And they were being told by the theorists that,
in fact,
it never would get any better --
there were theoretical limits on parsers that faster
hardware could not overcome.

We now know that the theorists were wrong --
there are non-`LR`
parsers which are better than the
`LR`
parsers are at
`LR`
grammars.
What made the theorists go astray?

As the epigraph for this post reminds us, theorists who hope to guide practitioners have to confront a big problem -- theory is practice only in theory. Theoreticians (or at least the better ones, like Knuth) know this, but they try to make theory as reliable a guide to practice as possible.

One of the most important examples of the theoretician's successes is asymptotic notation, which we owe to Knuth[4]. Asymptotic notation is more commonly referred to as big-O notation. The term "asymptotic notation" emphasizes its most dangerous aspect from a practical point of view: Asymptotic notation assumes that the behavior of most interest is the behavior for arbitrarily large inputs.

Practical inputs can be very large but, by definition, they are never arbitrarily large. Results in asymptotic terms might be what is called "galactic" -- they might have relevance only in situations which cannot possibly occur in practice.

Fortunately for computer science, asymptotic results usually are not "galactic". Most often asymptotic results are not only relevant to practice -- they are extremely relevant. Wikipedia pages for algorithms put the asymptotic complexities in special displays, and these displays are one of the first things that some practitioners look at.

Since coming up with a theoretical model that is equivalent to "practical" is impossible, theoreticians often work like artillerists. Artillerists often deliberately overshoot and undershoot, before they "fire for effect". "Bracketing" their target in this way has disadvantages -- it reduces the element of surprise, and can even allow the enemy to get their counter-fire in first. But, nasty as these consequences could be, the advantage in accuracy is usually held to outweigh them.
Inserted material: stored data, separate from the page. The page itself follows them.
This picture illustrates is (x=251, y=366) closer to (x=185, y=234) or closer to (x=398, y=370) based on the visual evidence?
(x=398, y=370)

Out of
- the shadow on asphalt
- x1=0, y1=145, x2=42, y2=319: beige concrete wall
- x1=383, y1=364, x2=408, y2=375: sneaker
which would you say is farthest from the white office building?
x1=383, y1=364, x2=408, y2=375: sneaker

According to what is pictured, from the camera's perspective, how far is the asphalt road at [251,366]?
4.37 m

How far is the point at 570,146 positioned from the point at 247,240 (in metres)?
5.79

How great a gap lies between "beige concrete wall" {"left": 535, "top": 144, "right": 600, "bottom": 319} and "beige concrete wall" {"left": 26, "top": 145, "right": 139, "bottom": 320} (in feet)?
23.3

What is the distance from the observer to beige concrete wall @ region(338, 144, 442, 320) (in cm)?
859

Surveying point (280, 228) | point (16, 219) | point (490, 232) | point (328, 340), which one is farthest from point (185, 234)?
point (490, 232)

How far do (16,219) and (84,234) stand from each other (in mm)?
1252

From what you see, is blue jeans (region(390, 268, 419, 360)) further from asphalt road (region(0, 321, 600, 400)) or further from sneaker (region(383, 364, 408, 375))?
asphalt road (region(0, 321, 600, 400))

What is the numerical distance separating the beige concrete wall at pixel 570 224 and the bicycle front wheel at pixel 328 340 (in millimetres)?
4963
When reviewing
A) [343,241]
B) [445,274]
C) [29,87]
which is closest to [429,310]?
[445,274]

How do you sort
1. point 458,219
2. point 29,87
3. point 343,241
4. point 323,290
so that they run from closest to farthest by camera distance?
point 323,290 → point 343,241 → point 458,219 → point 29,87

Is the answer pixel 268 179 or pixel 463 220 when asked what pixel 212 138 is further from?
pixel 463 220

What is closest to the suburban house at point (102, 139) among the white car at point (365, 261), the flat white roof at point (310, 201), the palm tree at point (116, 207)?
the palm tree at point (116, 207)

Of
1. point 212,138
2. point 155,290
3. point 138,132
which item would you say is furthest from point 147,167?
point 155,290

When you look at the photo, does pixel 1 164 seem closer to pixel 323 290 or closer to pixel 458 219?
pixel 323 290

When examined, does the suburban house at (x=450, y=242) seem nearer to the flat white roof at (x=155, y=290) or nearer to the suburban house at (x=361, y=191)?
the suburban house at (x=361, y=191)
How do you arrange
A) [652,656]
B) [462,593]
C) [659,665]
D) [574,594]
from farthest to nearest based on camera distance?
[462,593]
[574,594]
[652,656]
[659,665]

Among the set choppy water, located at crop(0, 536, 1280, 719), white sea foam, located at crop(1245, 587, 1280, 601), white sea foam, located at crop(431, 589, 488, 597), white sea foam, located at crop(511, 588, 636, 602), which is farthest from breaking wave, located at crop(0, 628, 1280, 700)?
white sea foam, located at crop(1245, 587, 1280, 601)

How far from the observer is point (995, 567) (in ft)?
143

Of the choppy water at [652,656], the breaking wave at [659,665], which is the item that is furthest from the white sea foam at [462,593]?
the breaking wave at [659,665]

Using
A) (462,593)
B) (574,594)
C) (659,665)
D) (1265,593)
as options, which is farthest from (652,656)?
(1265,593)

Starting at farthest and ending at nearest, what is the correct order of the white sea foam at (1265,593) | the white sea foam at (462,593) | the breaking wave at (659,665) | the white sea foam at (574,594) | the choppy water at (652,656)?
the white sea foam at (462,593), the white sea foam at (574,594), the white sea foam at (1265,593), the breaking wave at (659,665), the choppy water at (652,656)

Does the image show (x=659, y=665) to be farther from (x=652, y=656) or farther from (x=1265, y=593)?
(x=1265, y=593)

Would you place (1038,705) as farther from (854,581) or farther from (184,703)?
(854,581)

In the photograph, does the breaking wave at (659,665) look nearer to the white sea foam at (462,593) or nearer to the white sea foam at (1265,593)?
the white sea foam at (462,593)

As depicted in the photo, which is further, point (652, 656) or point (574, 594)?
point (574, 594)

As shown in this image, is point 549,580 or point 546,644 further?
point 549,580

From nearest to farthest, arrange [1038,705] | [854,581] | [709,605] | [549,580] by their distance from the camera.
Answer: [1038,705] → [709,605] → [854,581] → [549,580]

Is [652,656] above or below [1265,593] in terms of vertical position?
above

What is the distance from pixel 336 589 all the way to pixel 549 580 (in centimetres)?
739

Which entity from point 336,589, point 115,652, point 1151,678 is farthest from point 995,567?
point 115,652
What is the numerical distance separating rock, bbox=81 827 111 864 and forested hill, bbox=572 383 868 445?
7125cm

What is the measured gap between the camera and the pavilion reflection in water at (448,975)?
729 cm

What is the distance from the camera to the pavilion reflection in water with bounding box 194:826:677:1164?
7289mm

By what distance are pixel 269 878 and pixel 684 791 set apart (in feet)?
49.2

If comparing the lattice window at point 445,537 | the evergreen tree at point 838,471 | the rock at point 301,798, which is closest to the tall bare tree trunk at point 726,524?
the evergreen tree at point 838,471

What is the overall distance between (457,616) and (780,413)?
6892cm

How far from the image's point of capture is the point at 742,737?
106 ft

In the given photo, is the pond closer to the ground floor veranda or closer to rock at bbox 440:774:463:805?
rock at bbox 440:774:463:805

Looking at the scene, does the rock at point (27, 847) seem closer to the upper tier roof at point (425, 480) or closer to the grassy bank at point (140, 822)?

The practice of theoretical computer science is less risky, which makes "bracketing" a very attractive approach to tricky problems. Theoreticians often try to "bracket" practice between an "undershoot" and an "overshoot". The undershoots are models simple and efficient enough to be practical, but too weak to capture all the needs of practice. The overshoots are models which capture everything a practitioner needs, but which are too complicated and/or too resource-intensive for practice.

The P vs. NP problem is an active example of a bracketing technique.
You will sometimes read that
the P/NP boundary is expected to be
that between practical and impractical,
but this is an extreme simplification.
P includes complexities like
`O(n^1000000)`,
where the complexity for even
`n == 2`
is
a nunber which, in decimal form,
fills many pages.
Modulo bold advances in quantum computing,
I cannot imagine that
`O(n^1000000)`
will ever be
practical.
And you can make the complexities much harder
than
`O(n^1000000)`
without ever reaching P-hard.

So P-hard is beyond any reasonable definition of "practical" -- it is an "overshoot". But the P vs. NP question is almost certainly very relevant to what is "practical". Resolving the P vs. NP question is likely to be an important or even necessary step. It is a mystery that such a seemingly obvious question has resisted the best efforts of the theoreticians for so long, and the solution of P vs. NP is likely to bring new insights into asymptotic complexity.

When Knuth published his 1965, "practical parsing" was already bracketed. On the overshoot side, Irons had already published a parser for context-free grammars. Worst case, this ran in exponential time, and it was, and remains, expected that general context-free parsing was not going to be practical.[5]

On the undershoot side, there were regular expressions and recursive descent. Regular expressions are fast and very practical, but parse a very limited set of grammars. Recursive descent is also fast and, since it parses a larger set of grammars, was the closest undershoot.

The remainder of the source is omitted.